Il cinema dei fratelli Dardenne guarda al dramma dei migranti

Firenze – La 63° edizione del Festival dei Popoli dedica una importante rassegna ai fratelli Dardenne. Durante il Festival vengono proiettati documentari dedicati al mondo operaio, i film di finzione degli anni Novanta, come “La promesse” e “Rosetta”, e alcune tra le opere più significative dirette nei primi decenni degli anni Duemila.

Il cinema dei Dardenne, fin dagli esordi, è libero da ogni dogmatismo estetico. I cineasti belgi esplorano la condizione operaia con documentari sociali che non disdegnano un tono poetico. E’ il caso di “Regard Jonathan/Jean Louvet son oeuvre” (1983), omaggio al grande drammaturgo belga Louvet (1934-2015).

I Dardenne non privilegiano solo i temi sociali, ma raccontano anche questioni connesse alla storia contemporanea con documentari come “Leçons d’une université volante” (1982), un film sulla storia della Polonia nel Novecento, che ha l’intento, come hanno dichiarato gli stessi autori, di “(…) riscrivere la storia della Polonia attraverso i racconti degli esili”. La denuncia delle dittature, prima nazista poi comunista, trova un nesso tematico con il documentario successivo, Falsch del 1987, dedicato al tema dell’Olocausto.

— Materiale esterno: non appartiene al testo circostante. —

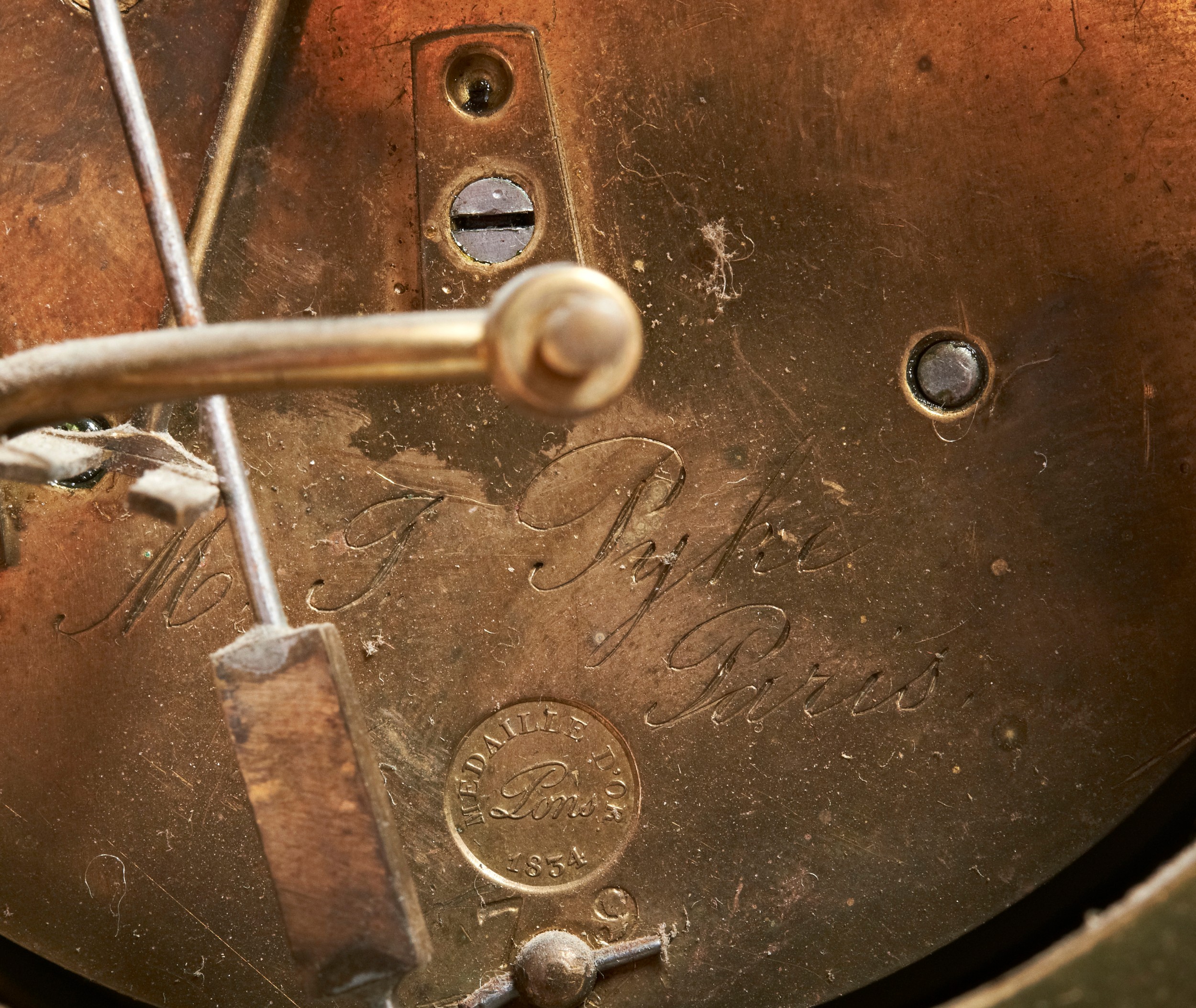 A FRENCH EARLY 19TH CENTURY ORNATE BRASS MANTEL CLOCK, the back plate of the movement stamped - Image 2 of 2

Dagli anni Novanta il Cinema dei Dardenne si rivolge al disagio sociale ed economico, la povertà, la disoccupazione e la marginalità sono alcuni temi che vengono raccontati in modo diretto per mostrare i sentimenti e le condizioni reali dei protagonisti. Documentario e finzione coesistono attraverso un metodo che non costruisce o descrive casi sociologici o psicodrammi, ma crea una scrittura drammaturgica volta a mostrare il vissuto dei personaggi.

Un tema ricorrente è il difficile rapporto tra genitori e figli: abbondoni, maltrattamenti, conflitti attraversano la filmografia dei Dardenne. Lo sguardo dei cineasti non giudica ma mette in scena la sofferenza di crescere e di vivere in un contesto in cui la logica del profitto e dello sfruttamento degli individui erode le relazioni morali tra le persone. Ma, al di là di questo universo sociale negativo, gli antieroi del cinema dei Dardenne lottano con coraggio per affermare il diritto di vivere ed essere amati.

Un padre che ha perso il figlio (“Le fils”), nonostante tutto, si sforza per giungere a perdonare il giovane assassino del figlio. “Rosetta”, disoccupata e sfiduciata da una vita ai margini della società, che la induce persino a tentare il suicidio, lascia infine intravedere una possibile resistenza e un riscatto futuro. Nelle luci fredde delle periferie belghe i destini di personaggi marginali non si chiudono in un pessimismo senza speranza. La logica del profitto o del male trova un forte ostacolo: la relazione umana. I Dardenne ci invitano a ritrovare anche nel conflitto la solidarietà, il perdono e l’amore tra gli esseri umani.

Oggi la macchina da presa si rivolge ai migranti come nel “il segreto di Lorna” o nell’ultimo film, “Tori e Lokita”, ai problemi della perdita di lavoro nelle aziende, come in “Due giorni, una notte” o al radicalismo islamico, come ne “l’età giovane”. Le diseguaglianze sociali sono indagate in un contesto, quello europeo, in cui l’affermazione delle destre rilancia oggi il nazionalismo e l’ostilità nei confronti degli esclusi.